JMA told me the chapel resonates – the G spot, as it were – to B major, for which Francis Jackson catered in the final ‘Amen’ of his canticles. 

After the service I wove my way along the seclusion of New College Lane, skirting Magdalen and New until the back of All Souls came into view with Hawksmoor’s Gothic/Baroque twin towers in silhouette


then shining in the late afternoon sun from west of the Radcliffe Camera.


And the cherry blossom was in full glory in front of St Mary’s on the High Street.


So back to London by 7pm to head for the Marylebone Hotel and talk to heavenly Anne Schwanewilms on Strauss, the role of whose Marschallin she now truly owns. We had a full 95 minutes’ conversation, during which she left me in no doubt that she’s the funniest as well as the wisest soprano I think I’ve ever had the pleasure of interviewing. Some of her comic mannerisms even reminded me of Carole Lombard, another beautiful woman with an earthy streak. Photo below by Javier del Real.

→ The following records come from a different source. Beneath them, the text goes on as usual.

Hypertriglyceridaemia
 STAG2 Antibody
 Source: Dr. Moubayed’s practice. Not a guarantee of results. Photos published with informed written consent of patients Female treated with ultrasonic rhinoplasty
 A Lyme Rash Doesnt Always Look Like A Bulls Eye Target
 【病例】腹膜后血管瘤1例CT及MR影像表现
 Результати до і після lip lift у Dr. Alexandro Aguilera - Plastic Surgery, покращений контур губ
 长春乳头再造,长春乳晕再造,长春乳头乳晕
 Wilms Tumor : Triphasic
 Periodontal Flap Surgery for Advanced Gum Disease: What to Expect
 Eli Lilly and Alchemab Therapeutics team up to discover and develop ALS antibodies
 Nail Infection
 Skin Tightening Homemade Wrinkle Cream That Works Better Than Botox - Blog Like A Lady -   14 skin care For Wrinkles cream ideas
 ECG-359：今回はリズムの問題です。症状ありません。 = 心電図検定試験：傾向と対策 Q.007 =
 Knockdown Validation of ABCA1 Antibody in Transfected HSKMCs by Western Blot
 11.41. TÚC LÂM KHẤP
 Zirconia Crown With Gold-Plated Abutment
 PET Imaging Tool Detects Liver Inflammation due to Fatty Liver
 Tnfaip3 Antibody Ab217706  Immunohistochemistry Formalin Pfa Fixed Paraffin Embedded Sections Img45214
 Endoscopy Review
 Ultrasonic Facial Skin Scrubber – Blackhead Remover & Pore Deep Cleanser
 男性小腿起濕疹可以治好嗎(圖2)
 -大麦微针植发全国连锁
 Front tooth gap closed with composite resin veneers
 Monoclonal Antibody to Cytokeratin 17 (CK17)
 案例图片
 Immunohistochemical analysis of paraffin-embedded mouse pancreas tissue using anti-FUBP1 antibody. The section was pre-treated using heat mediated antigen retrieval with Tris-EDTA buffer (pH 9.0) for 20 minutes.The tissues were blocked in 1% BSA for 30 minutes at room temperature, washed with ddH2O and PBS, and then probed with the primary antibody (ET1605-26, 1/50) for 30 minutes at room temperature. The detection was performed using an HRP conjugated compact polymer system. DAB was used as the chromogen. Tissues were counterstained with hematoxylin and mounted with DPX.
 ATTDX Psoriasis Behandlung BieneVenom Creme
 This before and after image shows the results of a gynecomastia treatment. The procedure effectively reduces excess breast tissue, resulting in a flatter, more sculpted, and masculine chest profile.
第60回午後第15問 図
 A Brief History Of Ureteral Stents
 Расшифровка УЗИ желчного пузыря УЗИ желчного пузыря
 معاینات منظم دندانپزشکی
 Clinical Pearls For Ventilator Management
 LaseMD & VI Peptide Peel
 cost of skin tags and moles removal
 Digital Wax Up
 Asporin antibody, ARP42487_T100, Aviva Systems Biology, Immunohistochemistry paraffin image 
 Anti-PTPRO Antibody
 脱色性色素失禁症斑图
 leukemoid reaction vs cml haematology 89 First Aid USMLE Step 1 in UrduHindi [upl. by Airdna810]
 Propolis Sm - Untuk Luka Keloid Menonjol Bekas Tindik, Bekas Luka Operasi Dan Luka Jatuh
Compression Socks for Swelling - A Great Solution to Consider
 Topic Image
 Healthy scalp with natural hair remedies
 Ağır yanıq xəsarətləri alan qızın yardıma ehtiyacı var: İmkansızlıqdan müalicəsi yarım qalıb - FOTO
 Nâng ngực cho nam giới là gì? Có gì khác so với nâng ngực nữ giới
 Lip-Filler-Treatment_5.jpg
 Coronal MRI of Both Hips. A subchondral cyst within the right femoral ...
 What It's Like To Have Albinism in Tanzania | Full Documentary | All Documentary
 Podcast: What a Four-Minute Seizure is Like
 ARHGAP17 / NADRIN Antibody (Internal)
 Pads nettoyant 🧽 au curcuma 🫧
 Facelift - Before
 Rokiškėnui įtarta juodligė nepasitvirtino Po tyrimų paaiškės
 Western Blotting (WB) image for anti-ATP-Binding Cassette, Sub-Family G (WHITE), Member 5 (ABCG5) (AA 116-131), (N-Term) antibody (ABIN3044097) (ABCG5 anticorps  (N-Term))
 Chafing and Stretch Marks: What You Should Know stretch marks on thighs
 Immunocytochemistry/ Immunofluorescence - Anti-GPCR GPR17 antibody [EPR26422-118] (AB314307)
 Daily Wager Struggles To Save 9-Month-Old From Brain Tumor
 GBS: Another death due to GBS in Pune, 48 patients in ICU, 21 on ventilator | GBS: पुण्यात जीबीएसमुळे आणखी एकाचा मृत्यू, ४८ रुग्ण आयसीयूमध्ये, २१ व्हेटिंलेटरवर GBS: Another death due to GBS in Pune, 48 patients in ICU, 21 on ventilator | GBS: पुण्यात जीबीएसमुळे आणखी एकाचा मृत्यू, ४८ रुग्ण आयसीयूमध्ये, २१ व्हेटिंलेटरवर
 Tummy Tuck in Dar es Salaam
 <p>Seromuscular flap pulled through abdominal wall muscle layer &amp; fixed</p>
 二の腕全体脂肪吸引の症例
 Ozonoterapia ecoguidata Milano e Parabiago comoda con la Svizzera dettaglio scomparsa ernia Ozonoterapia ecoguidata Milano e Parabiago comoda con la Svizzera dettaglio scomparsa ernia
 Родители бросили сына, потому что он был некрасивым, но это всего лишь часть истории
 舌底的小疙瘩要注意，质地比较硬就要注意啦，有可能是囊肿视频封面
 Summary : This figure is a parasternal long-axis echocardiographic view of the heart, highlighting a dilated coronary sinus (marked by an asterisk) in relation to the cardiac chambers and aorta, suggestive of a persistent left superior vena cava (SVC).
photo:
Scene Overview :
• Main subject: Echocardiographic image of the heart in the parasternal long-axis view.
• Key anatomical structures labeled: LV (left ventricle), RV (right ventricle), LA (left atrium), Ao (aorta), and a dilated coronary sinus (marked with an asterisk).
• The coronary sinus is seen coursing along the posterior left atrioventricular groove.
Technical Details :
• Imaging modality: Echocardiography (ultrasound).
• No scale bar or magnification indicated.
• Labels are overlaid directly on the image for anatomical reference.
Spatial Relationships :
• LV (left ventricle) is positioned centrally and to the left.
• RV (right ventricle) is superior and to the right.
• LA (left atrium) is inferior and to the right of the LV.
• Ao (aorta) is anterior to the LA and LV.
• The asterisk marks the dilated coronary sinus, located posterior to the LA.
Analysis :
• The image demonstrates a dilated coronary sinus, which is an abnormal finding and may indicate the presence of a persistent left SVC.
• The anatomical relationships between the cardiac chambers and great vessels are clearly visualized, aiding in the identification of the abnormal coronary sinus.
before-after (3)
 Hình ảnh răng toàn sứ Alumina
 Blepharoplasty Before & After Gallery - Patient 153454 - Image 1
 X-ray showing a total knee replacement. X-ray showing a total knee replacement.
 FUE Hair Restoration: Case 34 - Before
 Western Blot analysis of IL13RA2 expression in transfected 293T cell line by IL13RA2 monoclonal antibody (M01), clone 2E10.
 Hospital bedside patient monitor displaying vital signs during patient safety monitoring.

A shame the impersonations of a certain conductor weren’t filmed as well as sound-recorded; I wonder how I’ll transcribe them for the Arts Desk Q&A, due to appear just before her Barbican concert appearance with Sarah Connolly, Lucy Crowe and Mark Elder conducting the LSO (Rosenkavalier excerpts only, alas, but don’t miss them). La Schwanewilms was here for another Wigmore recital, which I went to hear the following evening but didn't review simply because most of the programme was the same as the one I'd covered back in December 2011; even so, her spellbinding narrative skills proved hair-raising in Liszt's 'Die Loreley' and achingly sorrowful in Mahler's 'Wo die schönen Trompeten blasen'.

Much on my mind at the time of the interview was Die Frau ohne Schatten, that extraordinarily hard-to-stage fairy tale creation of Strauss and Hofmannsthal. Anne compared the two productions in which she’d appeared as the Empress – central to Christof Loy’s magic-free psychological study at Salzburg, which she bought though some of her friends didn’t, and coping at the Met with sets so tricky that they sent her to hospital on one occasion in the late Herbert Wernicke's resurrected show: that yielded pretty pictures, she said, into which the singers had to fit as best they could. She came a cropper several times on her mirrored glass slope, pictured below, and on one of those occasions had to make a visit to a New York hospital.


Claus Guth’s Royal Opera production, previously seen at La Scala, strikes a miraculous halfway house between psychoanalytic probing and the supernatural. I’ve waxed lyrical about it over on the Arts Desk and hope to go again towards the end of the run. The cast is uniformly excellent, led by Emily Magee’s sympathetic Empress (pictured below with father Keikobad in another of CliveBarda’s excellent photos).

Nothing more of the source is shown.